Managing datasets

Datasets belong to a given project, so all access to datasets implies getting a handle of the project first.

Basic operations

The list of all datasets of a project is accessible via list_datasets()

project = client.get_project('TEST_PROJECT')
datasets = project.list_datasets()
prettyprinter.pprint(datasets)

outputs

[   {   'checklists': {   'checklists': []},
        'customMeta': {   'kv': {   }},
        'flowOptions': {   'crossProjectBuildBehavior': 'DEFAULT',
                            'rebuildBehavior': 'NORMAL'},
        'formatParams': {  /* Parameters specific to each format type */ },
        'formatType': 'csv',
        'managed': False,
        'name': 'train_set',
        'params': { /* Parameters specific to each dataset type */  },
        'partitioning': {   'dimensions': [], 'ignoreNonMatchingFile': False},
        'projectKey': 'TEST_PROJECT',
        'schema': {   'columns': [   {     'name': 'col0',
                                           'type': 'string'},
                                       {   'name': 'col1',
                                           'type': 'string'},
                                       /* Other columns ... */
                                       ],
                       'userModified': False},
        'tags': ['creator_admin'],
        'type': 'UploadedFiles'},
...
]

Datasets can be deleted.

dataset = project.get_dataset('TEST_DATASET')
dataset.delete()

The metadata of the dataset can be modified. It is advised to first retrieve the current settings state with the get_metadata call, modify the returned object, and then set it back on the DSS instance.

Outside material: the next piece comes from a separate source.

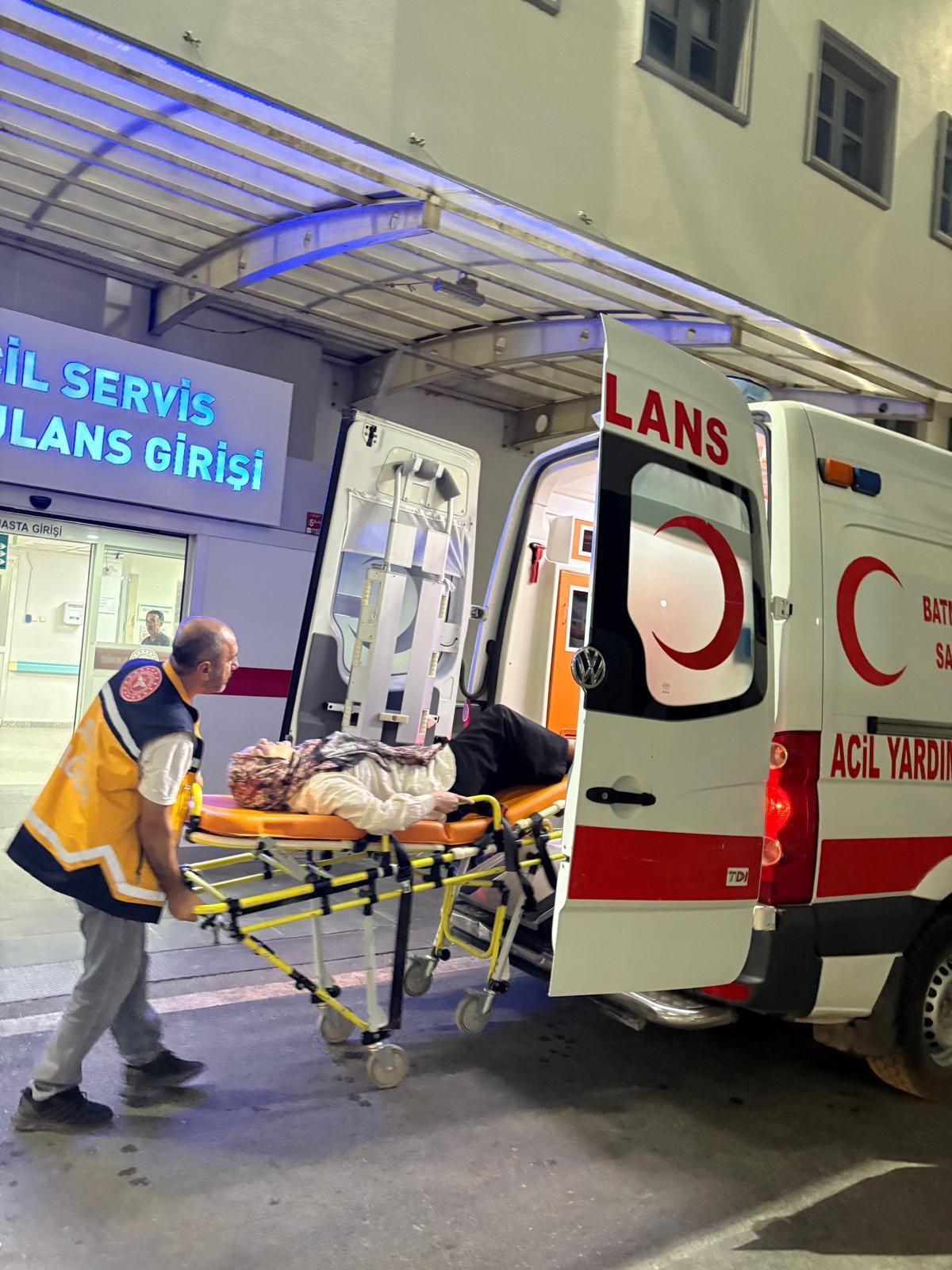 Batman Belediyesi 440 Kişiye Ambulans Hizmeti Verdi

dataset_metadata = dataset.get_metadata()
dataset_metadata['tag'] = ['tag1','tag2']
dataset.set_metadata(dataset_metadata)

Accessing the dataset data

The data of a dataset can be streamed over http to the API client with the iter_rows() method. This call returns the raw data, so that in most cases it is necessary to first get the dataset’s schema with a call to get_schema(). For example, printing the first 10 rows can be done with

columns = [column['name'] for column in dataset.get_schema()['columns']]
print(columns)
row_count = 0
for row in dataset.iter_rows():
        print(row)
        row_count = row_count + 1
        if row_count >= 10:
                break

outputs

['tube_assembly_id', 'supplier', 'quote_date', 'annual_usage', 'min_order_quantity', 'bracket_pricing', 'quantity', 'cost']
['TA-00002', 'S-0066', '2013-07-07', '0', '0', 'Yes', '1', '21.9059330191461']
['TA-00002', 'S-0066', '2013-07-07', '0', '0', 'Yes', '2', '12.3412139792904']
['TA-00002', 'S-0066', '2013-07-07', '0', '0', 'Yes', '5', '6.60182614356538']
['TA-00002', 'S-0066', '2013-07-07', '0', '0', 'Yes', '10', '4.6877695119712']
['TA-00002', 'S-0066', '2013-07-07', '0', '0', 'Yes', '25', '3.54156118026073']
['TA-00002', 'S-0066', '2013-07-07', '0', '0', 'Yes', '50', '3.22440644770007']
['TA-00002', 'S-0066', '2013-07-07', '0', '0', 'Yes', '100', '3.08252143576504']
['TA-00002', 'S-0066', '2013-07-07', '0', '0', 'Yes', '250', '2.99905966403855']
['TA-00004', 'S-0066', '2013-07-07', '0', '0', 'Yes', '1', '21.9727024365273']
['TA-00004', 'S-0066', '2013-07-07', '0', '0', 'Yes', '2', '12.4079833966715']

Schema

The schema of a data can be modified with the set_schema() method:

schema = dataset.get_schema()
schema['columns'].append({'name' : 'new_column', 'type' : 'bigint'})
dataset.set_schema(schema)

Partitions

For partitioned datasets, the list of partitions is retrieved with list_partitions():

partitions = dataset.list_partitions()

And the data of a given partition can be retrieved by passing the appropriate partition spec as parameter to iter_rows():

row_count = 0
for row in dataset.iter_rows(partitions='partition_spec1,partition_spec2'):
        print(row)
        row_count = row_count + 1
        if row_count >= 10:
                break

Dataset operations

The rows of the dataset can be cleared, entirely or on a per-partition basis, with the clear() method.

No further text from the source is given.